In December, the Paxton Boys, as they called themselves, attacked a tiny hamlet of peaceful Conestoga Indians. Six were killed outright. Fourteen others, old people, women and children, who had been out selling baskets, brooms and bowls to their white neighbors, were taken captive and lodged at the Lancaster workhouse. Two days after Christmas, the rioters broke into the workhouse, killing all of them with hatchets. Streams of other peaceful Indians poured into Philadelphia for protection.

William Penn’s grandson, John Penn, was now Pennsylvania’s governor. He ordered the arrest of the murderers but did nothing to enforce his order.
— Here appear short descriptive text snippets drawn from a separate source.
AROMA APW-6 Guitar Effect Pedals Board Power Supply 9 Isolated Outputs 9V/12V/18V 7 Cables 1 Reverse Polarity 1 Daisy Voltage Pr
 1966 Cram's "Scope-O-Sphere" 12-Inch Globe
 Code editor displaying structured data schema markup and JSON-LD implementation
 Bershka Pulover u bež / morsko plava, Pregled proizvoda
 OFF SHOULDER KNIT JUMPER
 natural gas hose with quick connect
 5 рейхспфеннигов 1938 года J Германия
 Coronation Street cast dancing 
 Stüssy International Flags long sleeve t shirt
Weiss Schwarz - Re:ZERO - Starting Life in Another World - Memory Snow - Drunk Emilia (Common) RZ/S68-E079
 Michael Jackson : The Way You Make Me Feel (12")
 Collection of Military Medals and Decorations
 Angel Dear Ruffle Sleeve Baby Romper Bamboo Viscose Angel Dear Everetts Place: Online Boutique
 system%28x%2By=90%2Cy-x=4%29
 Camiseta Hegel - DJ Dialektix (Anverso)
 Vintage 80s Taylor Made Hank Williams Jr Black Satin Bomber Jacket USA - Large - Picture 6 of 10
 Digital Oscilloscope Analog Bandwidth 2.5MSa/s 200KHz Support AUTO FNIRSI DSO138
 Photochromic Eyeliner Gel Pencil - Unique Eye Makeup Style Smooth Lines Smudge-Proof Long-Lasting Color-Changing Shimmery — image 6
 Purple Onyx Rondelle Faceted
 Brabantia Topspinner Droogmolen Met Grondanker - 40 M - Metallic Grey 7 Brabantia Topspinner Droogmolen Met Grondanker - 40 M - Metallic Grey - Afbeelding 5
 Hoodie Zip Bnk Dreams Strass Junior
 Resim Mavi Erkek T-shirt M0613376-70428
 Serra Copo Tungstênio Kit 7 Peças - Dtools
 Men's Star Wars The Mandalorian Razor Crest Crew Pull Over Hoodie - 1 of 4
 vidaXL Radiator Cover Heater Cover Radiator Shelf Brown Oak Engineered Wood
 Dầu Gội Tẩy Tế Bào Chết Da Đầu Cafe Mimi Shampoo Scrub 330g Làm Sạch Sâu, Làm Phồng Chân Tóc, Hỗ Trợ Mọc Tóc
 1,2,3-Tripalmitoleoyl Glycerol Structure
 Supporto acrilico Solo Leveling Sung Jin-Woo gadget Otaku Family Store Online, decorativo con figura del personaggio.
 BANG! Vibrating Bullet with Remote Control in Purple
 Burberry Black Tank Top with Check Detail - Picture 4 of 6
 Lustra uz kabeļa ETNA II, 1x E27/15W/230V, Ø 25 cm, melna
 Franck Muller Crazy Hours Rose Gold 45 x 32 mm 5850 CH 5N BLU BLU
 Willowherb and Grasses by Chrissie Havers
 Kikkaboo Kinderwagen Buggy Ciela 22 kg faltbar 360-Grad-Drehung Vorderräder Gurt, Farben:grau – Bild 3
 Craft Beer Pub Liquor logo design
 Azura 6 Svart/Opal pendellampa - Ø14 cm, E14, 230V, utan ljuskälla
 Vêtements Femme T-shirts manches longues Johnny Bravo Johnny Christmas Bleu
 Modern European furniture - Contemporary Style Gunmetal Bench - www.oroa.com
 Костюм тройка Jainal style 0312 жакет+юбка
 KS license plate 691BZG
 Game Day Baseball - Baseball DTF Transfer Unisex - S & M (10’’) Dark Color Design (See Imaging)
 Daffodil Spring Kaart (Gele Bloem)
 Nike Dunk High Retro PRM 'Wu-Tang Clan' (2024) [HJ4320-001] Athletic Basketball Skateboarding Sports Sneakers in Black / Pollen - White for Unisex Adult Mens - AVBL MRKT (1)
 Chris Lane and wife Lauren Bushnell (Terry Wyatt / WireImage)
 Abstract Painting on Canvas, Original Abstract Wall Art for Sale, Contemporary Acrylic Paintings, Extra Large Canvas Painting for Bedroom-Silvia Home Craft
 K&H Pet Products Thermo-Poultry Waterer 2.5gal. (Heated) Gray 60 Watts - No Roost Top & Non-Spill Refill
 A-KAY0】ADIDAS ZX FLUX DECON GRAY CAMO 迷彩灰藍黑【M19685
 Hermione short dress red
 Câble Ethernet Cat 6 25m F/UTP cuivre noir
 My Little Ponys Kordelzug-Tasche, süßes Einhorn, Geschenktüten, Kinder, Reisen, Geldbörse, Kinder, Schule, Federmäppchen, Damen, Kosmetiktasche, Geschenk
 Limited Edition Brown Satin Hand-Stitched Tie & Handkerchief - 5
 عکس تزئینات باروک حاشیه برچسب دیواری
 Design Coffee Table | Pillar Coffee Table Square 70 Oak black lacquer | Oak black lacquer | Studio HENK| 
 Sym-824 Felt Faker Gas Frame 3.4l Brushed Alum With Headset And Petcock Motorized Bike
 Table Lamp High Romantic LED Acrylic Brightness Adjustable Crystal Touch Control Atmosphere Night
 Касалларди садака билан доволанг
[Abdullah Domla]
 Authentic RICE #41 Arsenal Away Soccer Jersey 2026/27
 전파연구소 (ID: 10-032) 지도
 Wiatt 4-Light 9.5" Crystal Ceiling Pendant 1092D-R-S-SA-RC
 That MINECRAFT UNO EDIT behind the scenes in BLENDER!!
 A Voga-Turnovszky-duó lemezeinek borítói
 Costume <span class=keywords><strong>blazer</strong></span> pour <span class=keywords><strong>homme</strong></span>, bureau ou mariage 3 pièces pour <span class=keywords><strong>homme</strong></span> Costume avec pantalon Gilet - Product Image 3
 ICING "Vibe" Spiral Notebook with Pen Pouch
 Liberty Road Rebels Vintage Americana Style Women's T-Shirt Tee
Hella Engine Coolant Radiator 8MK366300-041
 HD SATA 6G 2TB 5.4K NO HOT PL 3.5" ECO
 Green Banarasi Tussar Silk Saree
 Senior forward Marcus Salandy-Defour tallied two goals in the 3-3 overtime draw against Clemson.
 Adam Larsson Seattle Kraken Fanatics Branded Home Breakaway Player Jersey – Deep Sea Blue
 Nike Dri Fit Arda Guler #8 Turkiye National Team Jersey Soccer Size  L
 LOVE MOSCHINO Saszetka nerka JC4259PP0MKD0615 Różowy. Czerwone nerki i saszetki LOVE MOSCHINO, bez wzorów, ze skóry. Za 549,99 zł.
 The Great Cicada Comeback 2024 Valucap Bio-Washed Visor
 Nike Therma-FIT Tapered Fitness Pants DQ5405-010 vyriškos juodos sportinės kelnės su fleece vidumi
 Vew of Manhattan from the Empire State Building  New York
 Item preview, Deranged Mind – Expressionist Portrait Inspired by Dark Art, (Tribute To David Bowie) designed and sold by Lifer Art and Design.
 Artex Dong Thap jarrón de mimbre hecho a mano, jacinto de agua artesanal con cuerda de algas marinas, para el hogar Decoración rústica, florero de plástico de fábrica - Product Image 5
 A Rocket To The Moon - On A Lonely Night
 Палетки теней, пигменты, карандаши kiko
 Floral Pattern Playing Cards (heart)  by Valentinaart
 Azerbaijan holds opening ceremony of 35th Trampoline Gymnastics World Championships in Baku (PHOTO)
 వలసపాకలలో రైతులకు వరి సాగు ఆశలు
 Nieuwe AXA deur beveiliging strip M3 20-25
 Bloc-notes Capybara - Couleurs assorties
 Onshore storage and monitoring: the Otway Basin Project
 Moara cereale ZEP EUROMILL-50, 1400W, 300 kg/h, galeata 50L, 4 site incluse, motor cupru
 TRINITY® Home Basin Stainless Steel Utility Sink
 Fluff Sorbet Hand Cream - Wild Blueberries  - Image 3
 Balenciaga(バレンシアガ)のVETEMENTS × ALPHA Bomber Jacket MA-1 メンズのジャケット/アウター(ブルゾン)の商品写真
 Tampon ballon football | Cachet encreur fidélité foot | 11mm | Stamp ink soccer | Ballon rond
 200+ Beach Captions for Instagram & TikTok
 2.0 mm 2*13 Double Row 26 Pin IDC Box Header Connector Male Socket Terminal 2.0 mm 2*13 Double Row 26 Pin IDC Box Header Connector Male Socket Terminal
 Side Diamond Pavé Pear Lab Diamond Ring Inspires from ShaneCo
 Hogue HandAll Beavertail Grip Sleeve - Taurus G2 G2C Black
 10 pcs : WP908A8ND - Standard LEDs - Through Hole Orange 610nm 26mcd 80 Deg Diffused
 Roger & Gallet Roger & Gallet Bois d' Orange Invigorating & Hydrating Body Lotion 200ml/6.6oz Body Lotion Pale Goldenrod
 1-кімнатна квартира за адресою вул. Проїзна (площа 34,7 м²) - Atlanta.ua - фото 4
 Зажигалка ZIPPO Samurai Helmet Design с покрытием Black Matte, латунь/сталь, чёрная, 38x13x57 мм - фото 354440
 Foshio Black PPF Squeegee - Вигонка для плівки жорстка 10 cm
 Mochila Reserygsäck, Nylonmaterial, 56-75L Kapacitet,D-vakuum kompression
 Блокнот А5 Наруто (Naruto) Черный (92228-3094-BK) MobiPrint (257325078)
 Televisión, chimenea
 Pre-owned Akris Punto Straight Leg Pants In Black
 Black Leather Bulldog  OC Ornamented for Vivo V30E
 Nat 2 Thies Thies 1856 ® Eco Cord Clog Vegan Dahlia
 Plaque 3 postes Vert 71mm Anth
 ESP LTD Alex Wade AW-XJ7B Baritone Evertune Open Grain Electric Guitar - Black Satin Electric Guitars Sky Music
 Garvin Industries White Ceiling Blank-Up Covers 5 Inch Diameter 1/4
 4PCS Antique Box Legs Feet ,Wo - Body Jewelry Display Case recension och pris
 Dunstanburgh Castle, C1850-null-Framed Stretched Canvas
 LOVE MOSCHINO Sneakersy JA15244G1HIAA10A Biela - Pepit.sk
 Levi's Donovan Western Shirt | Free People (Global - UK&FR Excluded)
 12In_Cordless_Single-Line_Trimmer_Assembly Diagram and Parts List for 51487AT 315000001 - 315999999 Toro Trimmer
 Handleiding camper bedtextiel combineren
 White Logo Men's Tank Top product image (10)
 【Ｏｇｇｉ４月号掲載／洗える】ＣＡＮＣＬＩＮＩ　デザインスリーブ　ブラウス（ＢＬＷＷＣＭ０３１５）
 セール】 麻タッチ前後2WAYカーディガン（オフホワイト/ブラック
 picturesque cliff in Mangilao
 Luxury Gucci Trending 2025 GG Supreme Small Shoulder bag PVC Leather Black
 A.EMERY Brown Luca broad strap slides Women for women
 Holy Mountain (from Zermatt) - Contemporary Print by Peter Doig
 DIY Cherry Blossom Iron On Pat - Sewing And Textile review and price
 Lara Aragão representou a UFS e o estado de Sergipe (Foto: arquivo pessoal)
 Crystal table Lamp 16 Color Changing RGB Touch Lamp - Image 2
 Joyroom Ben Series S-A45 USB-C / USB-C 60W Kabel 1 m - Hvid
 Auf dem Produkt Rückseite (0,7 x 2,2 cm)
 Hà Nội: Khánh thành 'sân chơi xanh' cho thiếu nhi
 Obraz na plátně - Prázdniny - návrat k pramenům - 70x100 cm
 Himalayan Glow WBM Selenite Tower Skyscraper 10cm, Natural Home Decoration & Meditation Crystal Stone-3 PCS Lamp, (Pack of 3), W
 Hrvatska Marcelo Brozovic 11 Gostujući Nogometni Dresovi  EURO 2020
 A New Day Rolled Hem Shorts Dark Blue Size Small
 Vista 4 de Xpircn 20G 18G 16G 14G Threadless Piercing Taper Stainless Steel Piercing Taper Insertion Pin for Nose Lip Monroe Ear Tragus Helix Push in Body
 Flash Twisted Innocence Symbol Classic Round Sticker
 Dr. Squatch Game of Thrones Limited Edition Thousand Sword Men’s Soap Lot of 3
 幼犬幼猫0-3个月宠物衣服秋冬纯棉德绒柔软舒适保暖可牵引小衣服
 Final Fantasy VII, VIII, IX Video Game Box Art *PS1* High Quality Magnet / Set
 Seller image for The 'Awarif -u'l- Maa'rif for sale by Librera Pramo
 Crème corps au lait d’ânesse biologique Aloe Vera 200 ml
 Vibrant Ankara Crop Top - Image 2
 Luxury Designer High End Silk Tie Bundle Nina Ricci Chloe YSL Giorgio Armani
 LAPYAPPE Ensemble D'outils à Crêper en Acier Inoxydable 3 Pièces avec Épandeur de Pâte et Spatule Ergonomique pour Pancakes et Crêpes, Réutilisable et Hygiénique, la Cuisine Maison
Made bold by this seeming lack of concern, the Paxton Boys, their ranks swollen by a lawless mob, voted to go to Philadelphia and force the Assembly to turn over the Indian refugees to their untender mercies.

Franklin’s war activities had shown he condemned atrocities against the frontiersmen, but he was outraged that Indians who had kept faith with the white men should have been betrayed. By mid-January he had both written and printed a pamphlet, “Narrative of the Late Massacres in Lancaster County.”

The first part retold the story of Indian relations in Pennsylvania. How members of the Six Nations had first settled in Conestoga, how its messengers had welcomed the English with presents of venison, corn and skins, how the tribe had entered into a treaty of friendship with William Penn, to last “as long as the sun should shine or the waters run in the rivers.”

It was an “enormous wickedness,” he continued, to assassinate these Conestoga Indians for the sins of the “rum-debauched, trader-corrupted vagabonds and thieves on the Susquehanna and Ohio.” It was as illogical as if the Dutch should seek revenge on the English for injuries done by the French, merely because both English and French were white.

To what good, he asked, had Old Shehaes, so ancient he had been present at Penn’s Treaty in 1701, been cut to pieces in his bed? What was to be gained by shooting or killing with a hatchet little boys and girls—and a one-year-old baby? “This is done by no civilized nation in Europe. Do we come to America to learn and practise the manners of barbarians?” The Conestoga Indians would have been safe among the ancient heathen, the Turks, the Saracens, the Moors, the Spanish, the Negroes—anywhere in the world “except in the neighborhood of the Christian white savages.”

Christian white savages! That was a phrase to make people wince. Those who shared the prejudices of the Paxton Boys were highly indignant. But the Quakers agreed with him, and the pamphlet convinced a surprising number of others that it was their duty to defend their city and protect the Indians who had sought refuge with them.

Panic spread as the Paxton rioters, armed and in an ugly mood, approached Philadelphia. In the emergency Governor John Penn turned to Franklin to reorganize his militia. Almost overnight a thousand citizens rallied to arms, among them Junto members and firemen. On February 8, word came that the mob was at the city limits. The governor, with his councilors, rushed to Franklin at midnight, seeking advice. His house became their temporary headquarters.

The ford over the Schuylkill River was guarded. The Paxton group bypassed it, turned north, crossed the river at another ford, and came noisily into Germantown some ten miles from Philadelphia.